Nomenclature of Carbon Compounds

The names of compounds in a homologous series are based on the name of the basic carbon chain modified by a prefix phrase before or suffix phrase after that indicates the nature of the functional group.


Following method can be used for naming a carbon compound:

  • Identify the number of carbon atoms in the compound. A compound having three carbon atoms would have the name propane.
  • In case a functional group is present, it is indicated in the name of the compound with either a prefix or a suffix.
  • If the name of the functional group is to be given as a suffix, the name of the carbon chain is modified by deleting the final 'e' and adding the appropriate suffix.
  • If the carbon chain is unsaturated, then the final 'ane' in the name of the carbon chain is substituted by 'ene' or 'yne'.
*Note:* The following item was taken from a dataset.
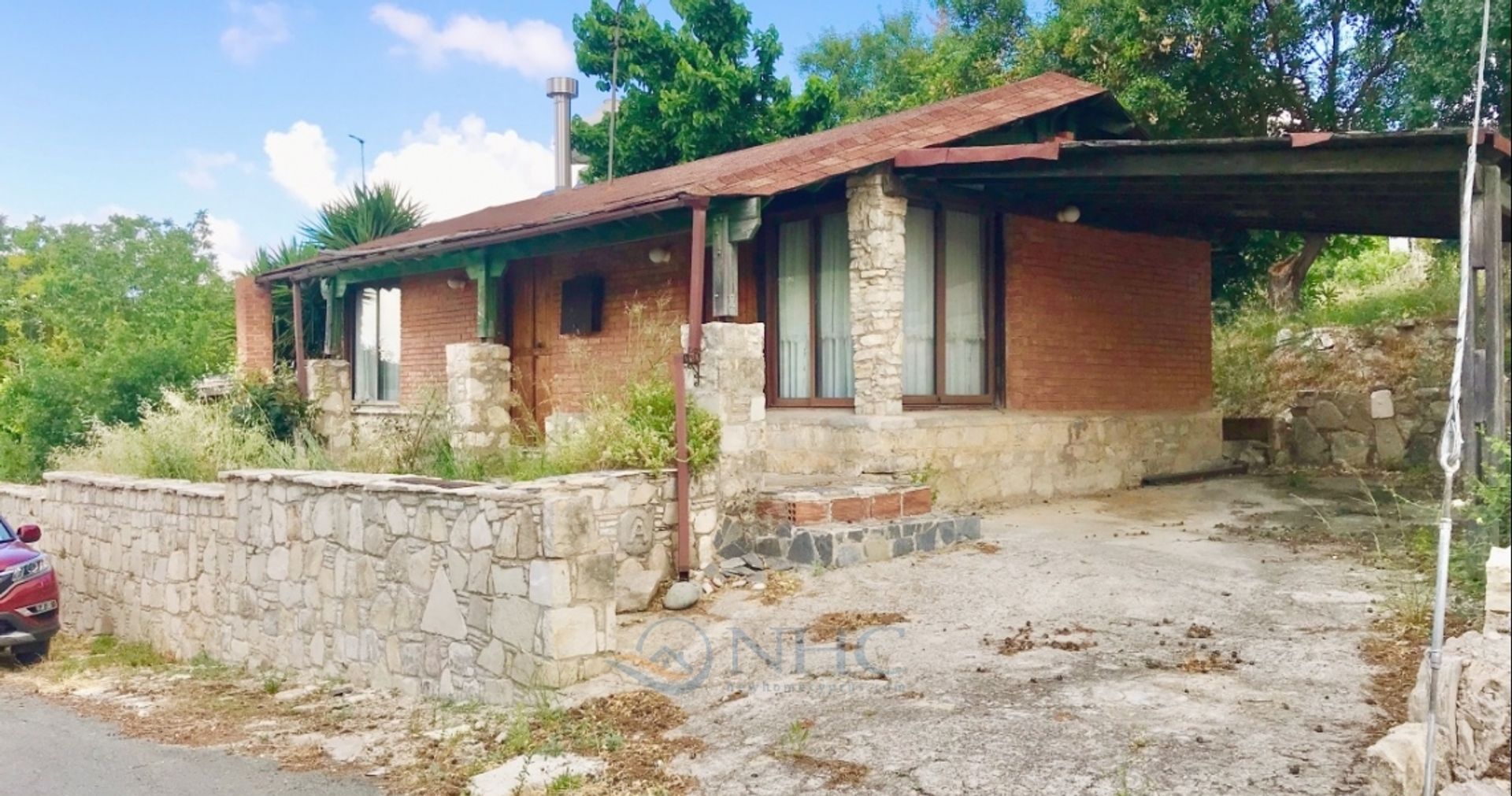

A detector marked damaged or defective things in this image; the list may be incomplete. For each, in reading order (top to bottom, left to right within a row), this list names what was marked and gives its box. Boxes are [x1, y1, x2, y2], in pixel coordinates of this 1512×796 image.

Combustion of Carbon Compounds

Fuels are usually hydrocarbons. Combustion of a fuel is an exothermic chemical reaction. Combustion of a fuel involves chemical reaction between fuel and oxidant that results in the production of heat or both heat and light. In a complete combustion reaction, a compound reacts with an oxidizing element, such as oxygen or fluorine and the products are compounds of each element in the fuel with the oxidizing element.



Carbon compounds can be easily oxidised on combustion. In addition to this complete oxidation, we have reactions in which alcohols are converted to carboxylic acids.

Some substances are capable of adding oxygen to others. These substances are known as oxidizing agents. Alkaline potassium permanganate or acidified potassium dichromate oxidises alcohols to acids and thus acts as oxidising agents.


Addition Reaction

Saturated hydrocarbons can be obtained when hydrogen is added to unsaturated hydrocarbon in the presence of catalysts such as palladium or nickel. This reaction is commonly used in the hydrogenation of vegetable oils using a nickel catalyst to obtain vegetable ghee. Vegetable oils generally have long unsaturated carbon chains while animal fats have saturated carbon chains.

Oils containing unsaturated fatty acids are considered healthy as they get digested easily, and should be used for cooking. Animal fats generally contain saturated fatty acids which are said to be harmful for health.


Substitution Reaction

Saturated hydrocarbons are fairly unreactive. However, in the presence of sunlight, chlorine is added to hydrocarbons in a very fast reaction. Chlorine can replace the hydrogen atoms one by one. This type of reaction is called substitution reaction because one type of atom or a group of atoms takes the place of another. A number of products are usually formed with the higher homologous of alkanes.